Serumdaki normal değerler % 130 – 280 mg arasında değişmektedir. Kolesterol düzeyleri yaşa bağımlı olarak artmakta ve erkeklerde kadınlara göre biraz daha fazla bulunmaktadır. Kandaki kolesterol düzeyleri, safra yollarının tıkanmasına bağlı olan sarılıklarda, hipotiroidide, nefrotik sendromda, idiyopatik hiperkolesterolemide, ateroksklerozda ve gebelikte artma göstermektedir. Karaciğerin ağır hasarlarında, açlıkta, anemide ve hipertiroidide ise serum kolesterol düzeyleri azalmaktadır.
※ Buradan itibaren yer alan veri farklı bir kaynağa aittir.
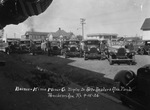 Baines-Kime Motor Co. display of cars in the Auto Dealers Association parade by Basil Clemons 1887-1964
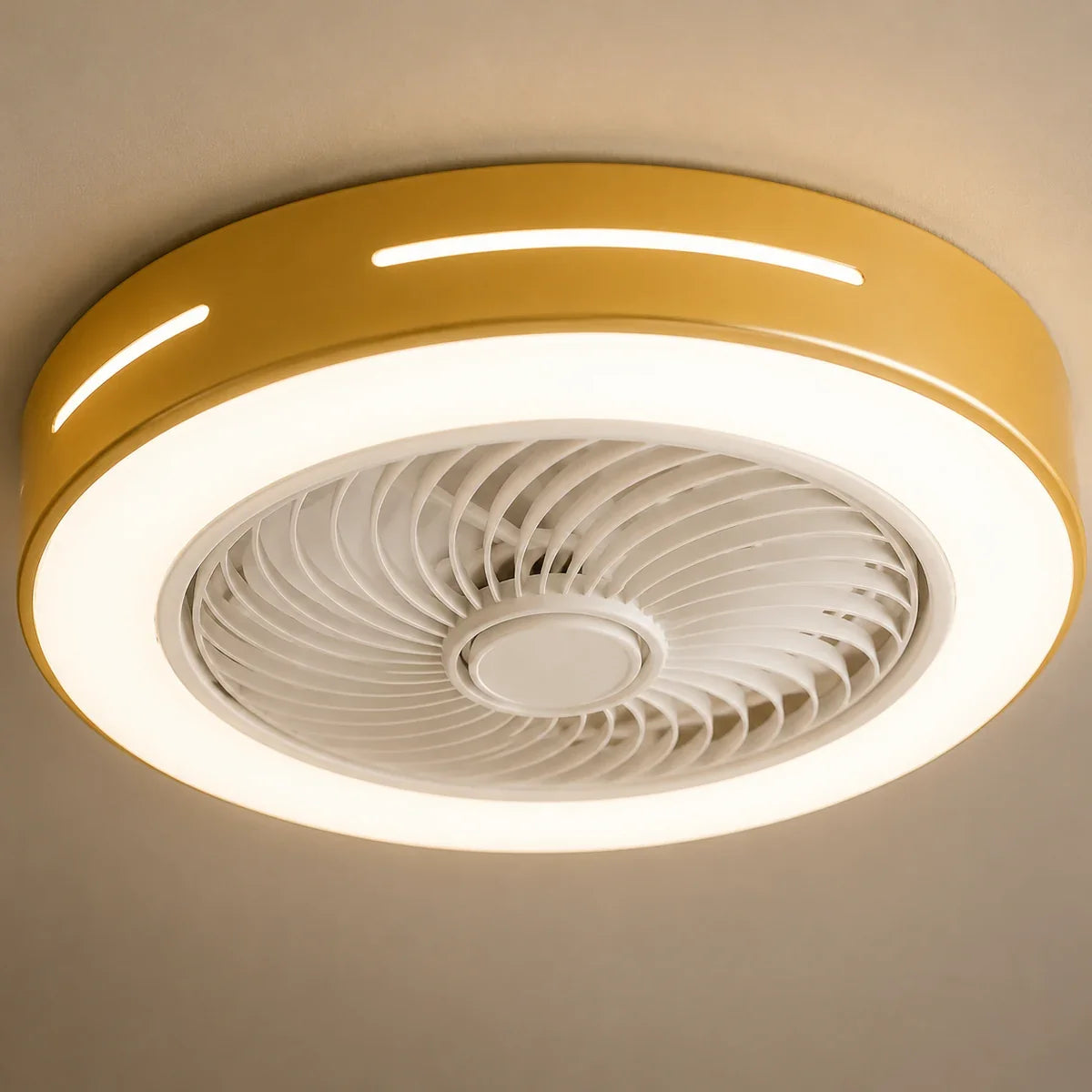 AeroLuxe | Modern Bladeless Ceiling Fan with LED Lighting and Remote Control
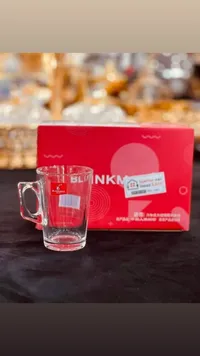 طقم كاسات شاي زجاجية - بلينك ماكس (Blinkmax)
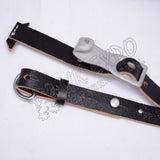 German Leather Combat Y Straps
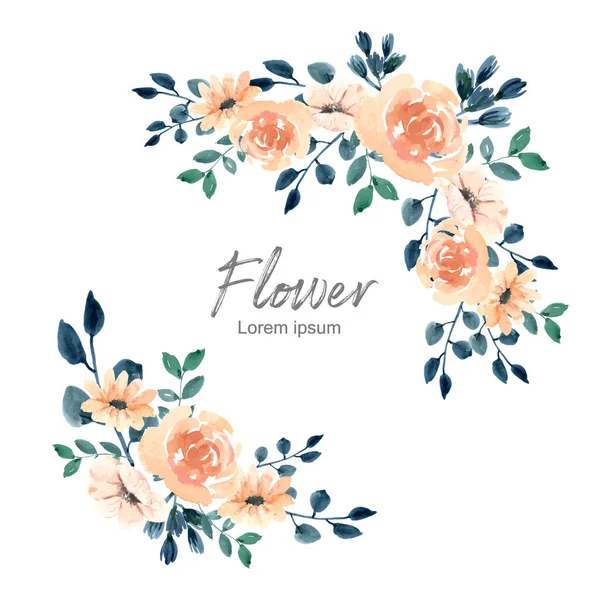 Stijlvolle Bloemen Template Ontwerp Vector Illustratie — Stockvector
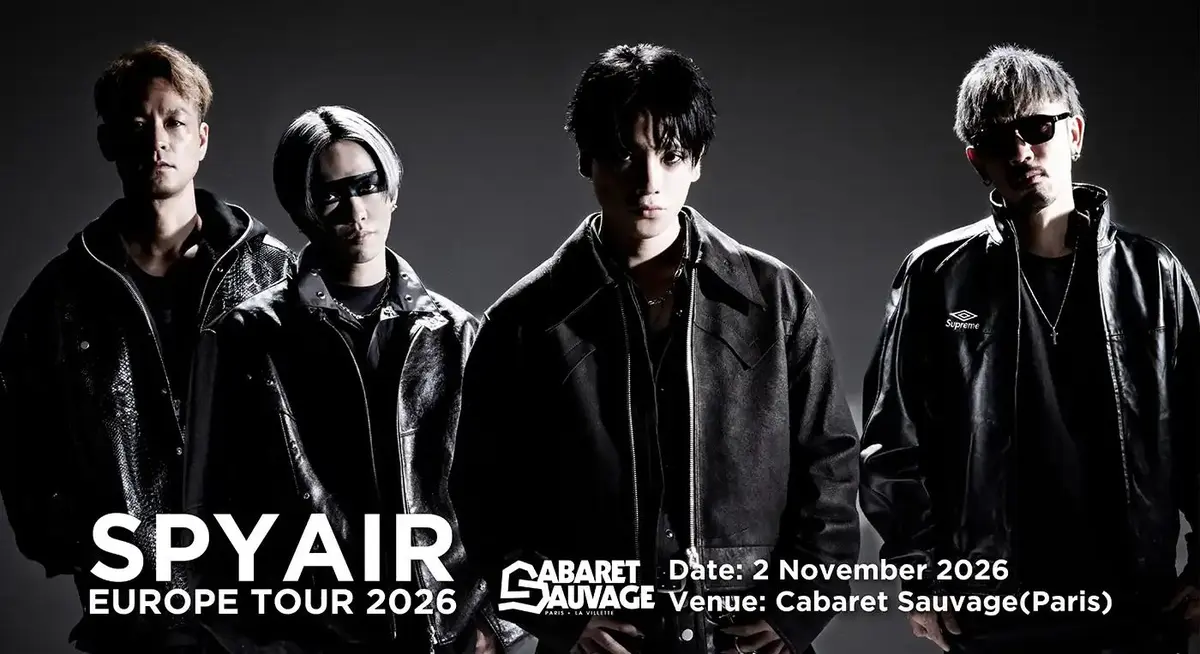 SPYAIR en concert au Cabaret Sauvage à Paris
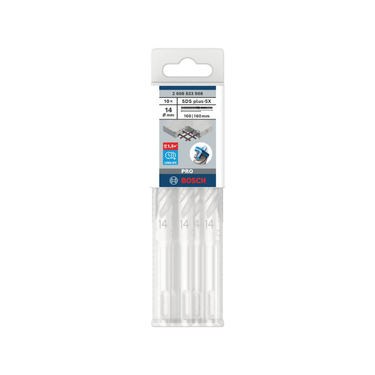 SDS plus-5X Hamerboor, 14 x 100 x 160 mm, 10-delig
KOLESTEROL VE ARTERİYOSKLEROZ
Kolesterolün arteriyoskleroz oluşumundaki etkisi Önemli bir tartışma konusudur. Birkaç yıl Önce neredeyse kolesterol ile arteriyoskleroz özdeşleştirilmişti. Daha sonra önemini belki de gereğinden çok yitiren kolesterol, günümüzde yeniden ele alınarak gerçek boyutlarda değerlendirilmeye çalışılıyor. Bu konuda birçok deneysel veri vardır. Deney hayvanlarına yağ bakımından zengin bir beslenme rejimi uygulanınca, kan kolesterol düzeyi yükselir. Bu da, arteriyoskleroz lezyonlarına yol açar. Gerçekten de, arteriyoskleroz görülmeyen toplumlarda yağsız beslenme alışkanlıkları yaygındır. Bol yağlı besinler tüketen toplumlarda ise bu hastalık oldukça sık görülür. Amerika’ya yerleşmiş Yahudi ve Japonlar’da arteriyoskleroz sıklığı Amerikalılar’la eşdeğerdedir. Bundan da anlaşılacağı gibi, hastalıkta ırk etkeninden çok yaşam ve beslenme alışkanlıklarının Önemi vardır.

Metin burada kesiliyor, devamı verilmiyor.